──────── GIVEN ENTRIES

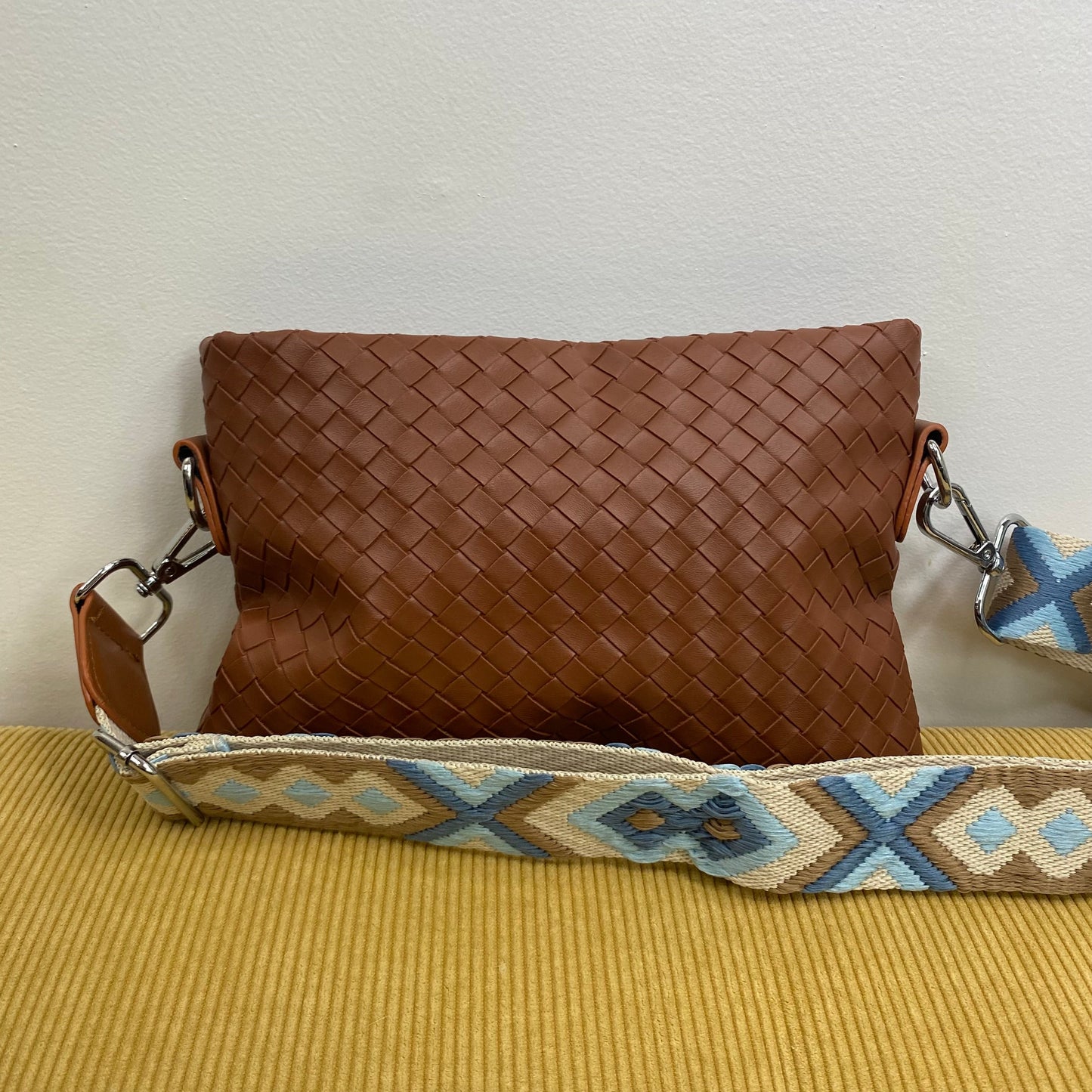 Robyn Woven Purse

────────────────
──────── GIVEN ENTRIES

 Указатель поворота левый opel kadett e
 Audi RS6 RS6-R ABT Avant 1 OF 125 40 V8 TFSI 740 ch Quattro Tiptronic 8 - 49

────────────────
──────── GIVEN ENTRIES

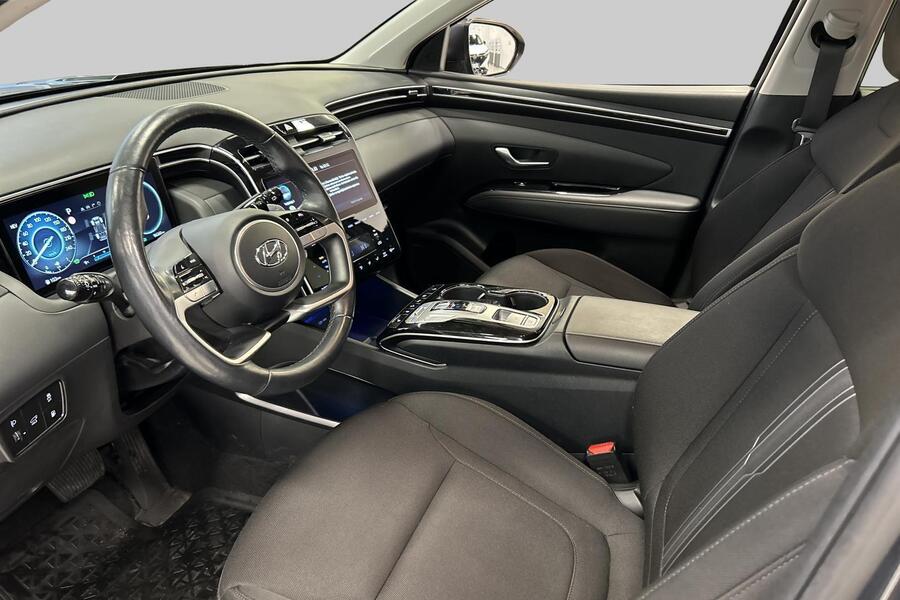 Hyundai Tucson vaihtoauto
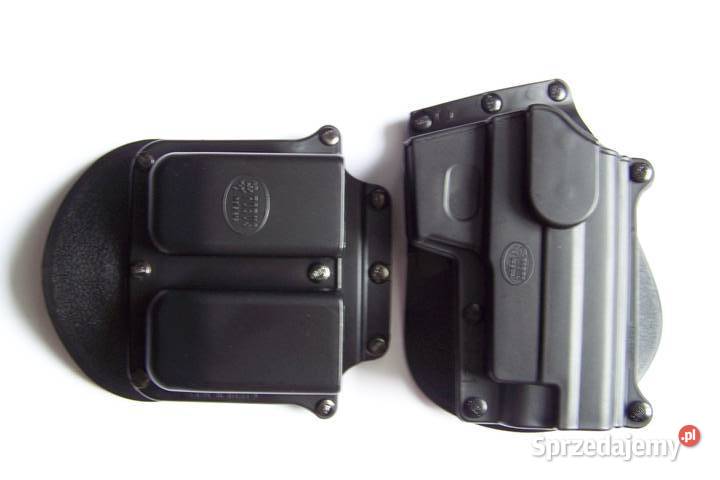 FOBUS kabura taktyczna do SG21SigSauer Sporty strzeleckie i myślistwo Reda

────────────────

# [REQUIREMENT]
Among the entries above, copy exactly only the lines starting with the one containing "Указатель поворота левый opel kadett e" and going through the one containing "Audi RS6 RS6-R", both ends included.

# [TASK SOLUTION]
 Указатель поворота левый opel kadett e
 Audi RS6 RS6-R ABT Avant 1 OF 125 40 V8 TFSI 740 ch Quattro Tiptronic 8 - 49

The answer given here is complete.